Below is a listing; retype exactly the line with "BIBS Colour Round" and every line after it through the end, and only those, leaving out the pictures.

(Raw data)

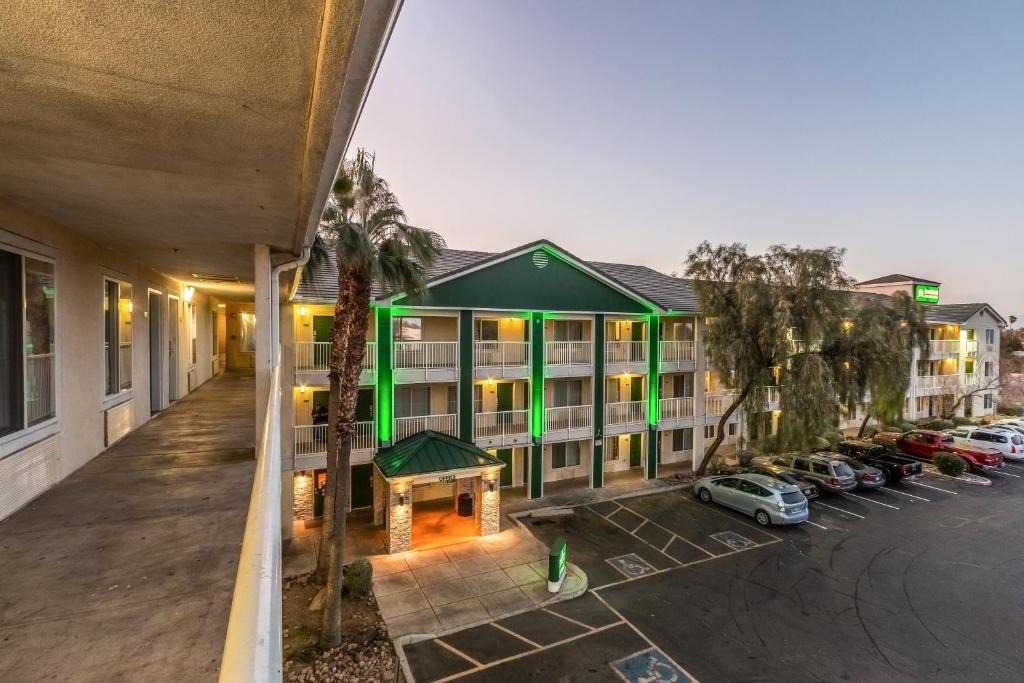 Estrella Hotel | Studio 51 Extended Stay Hotel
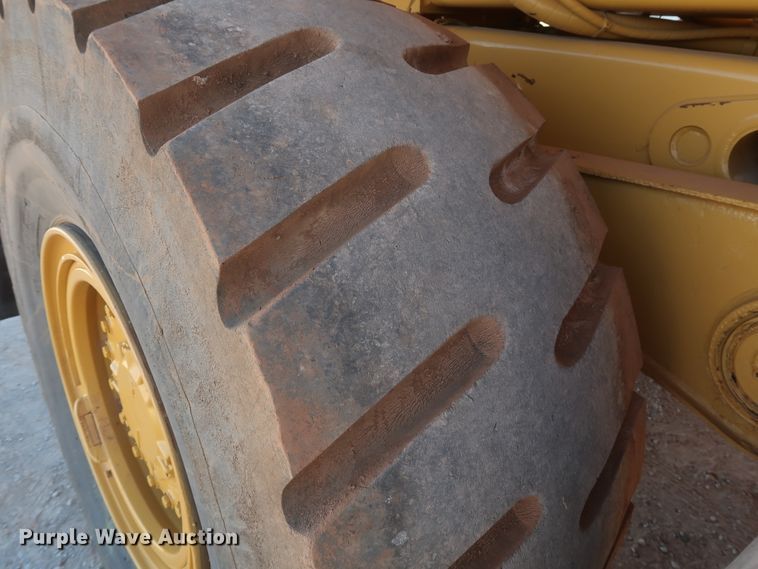 image for item DG7124 2008 Caterpillar 725  water wagon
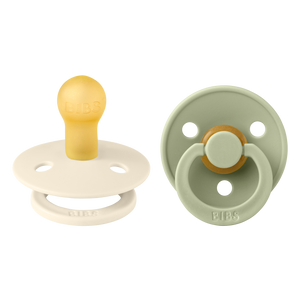 BIBS Colour Round Latex Schnuller 0–6M Ivory/Sage im 2er Pack – runder Naturlatex-Sauger mit leichtem, hautfreundlichem PP-Schild.
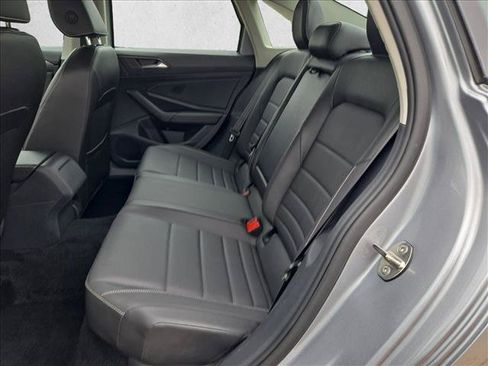 Used 2024 Volkswagen Jetta SE FWD image 17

(End Raw data)

» Exercise solution
 BIBS Colour Round Latex Schnuller 0–6M Ivory/Sage im 2er Pack – runder Naturlatex-Sauger mit leichtem, hautfreundlichem PP-Schild.
 Used 2024 Volkswagen Jetta SE FWD image 17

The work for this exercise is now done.